Another crappy sub character that I am using to stretch this thing to 365 days. This may be my worst drawing as I did it in the bathroom at work on three separate trips and used no reference. I need my references because I lost my imagination in a devil based violin contest.
Swilla Corey was a female Human jerba tender and pickpocket who lived on Tatooine. Born a slave, she was liberated by raiding Karazak slavers while her master was visiting Tatooine. She decided to make a new life for herself on the desert planet, and continued doing what she had done as a slave: tended to animals. She found limited amounts of work at local ranches, and was able to make ends meet.
Holy christ, that was a boring summary. Here is a revised version I made to counteract that awfulness:
Swilla Corey was a female Human dinosaur and pickpocket who raised ghosts on Tatooine. Born a rocket ship captain, she was liberated by raiding sexy Karazak slavers while her penis monster was visiting a volcano that spews beer. She decided to make a new robot lover for herself on the desert planet, and continued doing what she had done as a slave: tended to fireworks and liquids that can melt steel. She found limited amounts of work at local ranches, and was able to make a pizza made of wishes.
Since I provided a Yoda yesterday I figured I would follow him up with a crap character. That character is Wioslea.
Now, I think I can understand where the designer was coming from on this one, I really do. In his head he saw a bunch of eyes on a creepy alien head, probably a very menacing look on its face. The alien would be a force to be reckoned with, able to see all around it. It would have tentacles atop its head to add to its strange and menacing appearance. Yeah, a lot of eyes, how could it go wrong?
Sadly it went horribly horribly wrong and we got a character that is the equivalent of a pin cushion with googly eyes glued to it. A mildly retarded insect(?) with some sort of blanket mouth who Luke pawned his speeder to. Can't win 'em all I guess.
Thanks for being patient during my hiatus. As a reward for your patience I drew Yoda. I hope you enjoy Yoda and do not take Yoda for granted.
The week off helped, I am feeling far less burned out.
On an off note:
Those of you living in the Portland area, stop by the Gold Dust Meridian during the month of April. They are displaying some new paintings by me. This Friday is the opening. If you stop in then I will be the drunk guy talking about how shitty the art is.
Move over Ronald McDonald, the Tusken Raider Child has replaced you at number ten of my all time creepiest things list.
What are numbers 9-1? I am glad I asked.
9. Fish with see-through head.
8. Crazy big arm guy. There is a video on youtube of this guy draining the infected site on his arm where he injected steroids for years. I would have posted that but I don't want to force you to vomit.
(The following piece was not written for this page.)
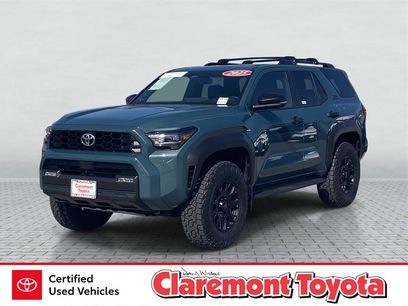 Certified 2025 Toyota 4Runner TRD Off-Road Premium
6. Mick Mars. Kick start my heart... with fright!
5. Sweetums the Muppet. Sweetums and I do not get along.
4(tie). Old Lady Horn Head and lampreys.
3. Klansmen outfits. The KKK used to be scarier but now it seems like their activities are limited to name calling and inbreeding. They were always a lot of pathetic cowards, its just that now the pathetic level is up there with wet dogs and Uncle Ritchie's apologies after a night of boozing.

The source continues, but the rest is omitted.